PROBLEM TO WORK ON: What you return should be the lines from the one with "Brown Striped Mock Neck Knit Sweater" through the one with "Картина под названием" in the data below, reproduced exactly with both ends, and no pictures at all.

RECORDS FOR THIS TASK:
• • • • •
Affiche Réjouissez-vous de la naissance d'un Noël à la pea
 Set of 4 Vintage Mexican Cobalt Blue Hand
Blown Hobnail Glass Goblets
• • • • •
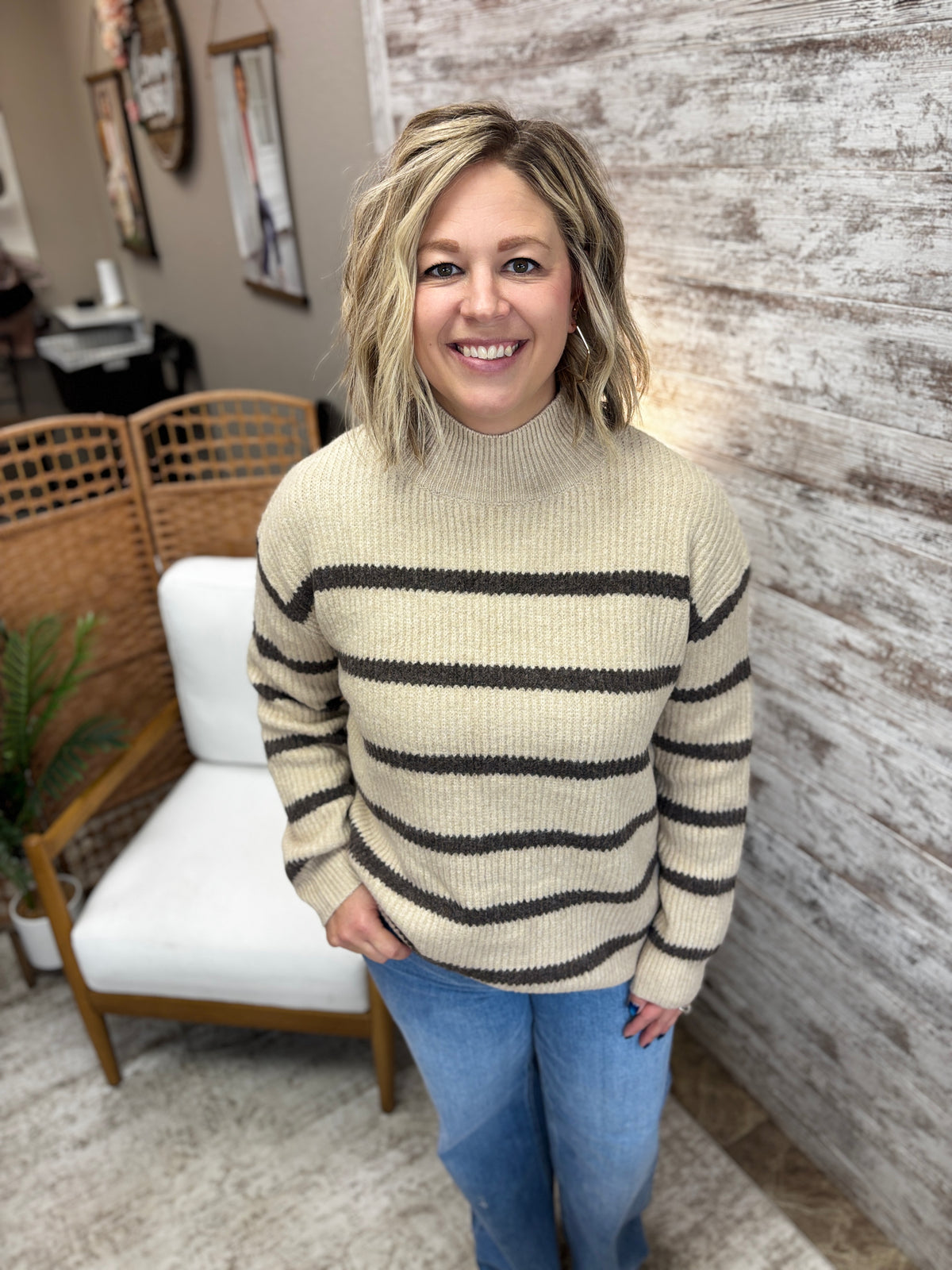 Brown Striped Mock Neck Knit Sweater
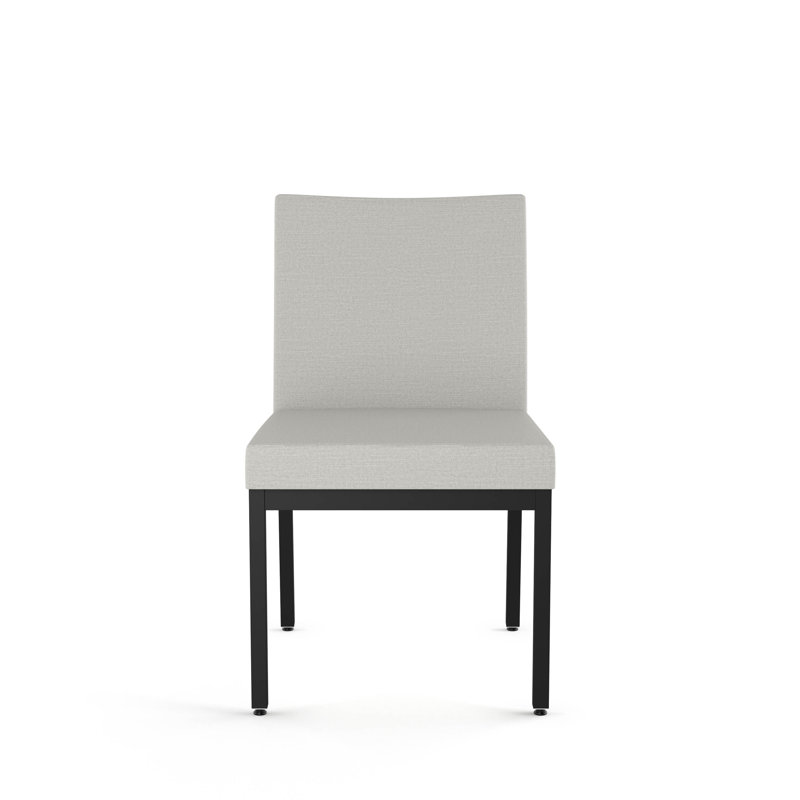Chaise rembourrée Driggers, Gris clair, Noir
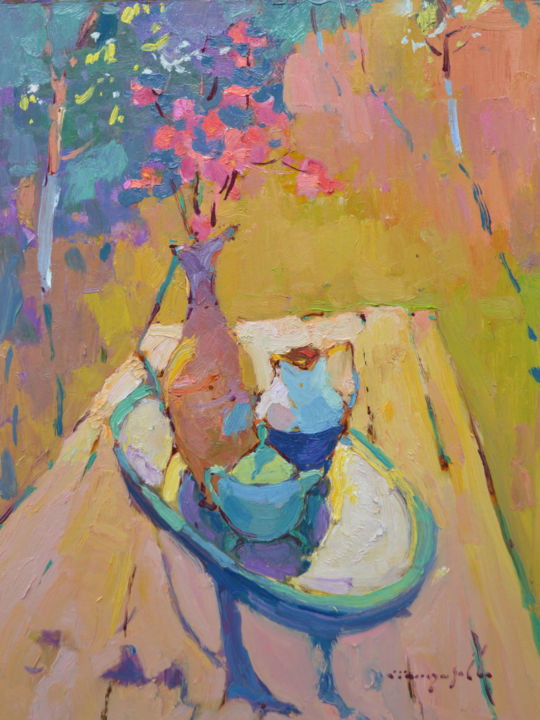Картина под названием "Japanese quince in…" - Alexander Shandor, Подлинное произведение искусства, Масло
• • • • •
RESPONSE AREA:
 Brown Striped Mock Neck Knit Sweater
Chaise rembourrée Driggers, Gris clair, Noir
Картина под названием "Japanese quince in…" - Alexander Shandor, Подлинное произведение искусства, Масло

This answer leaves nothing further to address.